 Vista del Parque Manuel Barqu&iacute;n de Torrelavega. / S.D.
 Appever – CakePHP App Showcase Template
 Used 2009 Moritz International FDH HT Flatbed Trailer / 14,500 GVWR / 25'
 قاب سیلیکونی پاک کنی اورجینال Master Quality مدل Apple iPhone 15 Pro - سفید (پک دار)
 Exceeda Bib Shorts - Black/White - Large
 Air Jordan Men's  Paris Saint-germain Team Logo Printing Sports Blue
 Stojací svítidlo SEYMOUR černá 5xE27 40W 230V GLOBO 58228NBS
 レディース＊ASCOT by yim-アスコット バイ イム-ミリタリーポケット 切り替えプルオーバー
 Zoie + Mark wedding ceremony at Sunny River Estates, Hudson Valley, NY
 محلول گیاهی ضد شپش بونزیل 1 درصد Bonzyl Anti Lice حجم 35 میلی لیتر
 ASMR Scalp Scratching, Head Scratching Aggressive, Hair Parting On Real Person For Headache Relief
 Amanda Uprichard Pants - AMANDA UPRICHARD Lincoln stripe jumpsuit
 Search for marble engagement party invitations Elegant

----------

**DIRECTIONS**:
No lines before the one containing "Exceeda Bib Shorts - Black/White - Large" belong in the answer; write out that line and each one after it exactly, through the end of the records.

**OUTPUT**:
 Exceeda Bib Shorts - Black/White - Large
 Air Jordan Men's  Paris Saint-germain Team Logo Printing Sports Blue
 Stojací svítidlo SEYMOUR černá 5xE27 40W 230V GLOBO 58228NBS
 レディース＊ASCOT by yim-アスコット バイ イム-ミリタリーポケット 切り替えプルオーバー
 Zoie + Mark wedding ceremony at Sunny River Estates, Hudson Valley, NY
 محلول گیاهی ضد شپش بونزیل 1 درصد Bonzyl Anti Lice حجم 35 میلی لیتر
 ASMR Scalp Scratching, Head Scratching Aggressive, Hair Parting On Real Person For Headache Relief
 Amanda Uprichard Pants - AMANDA UPRICHARD Lincoln stripe jumpsuit
 Search for marble engagement party invitations Elegant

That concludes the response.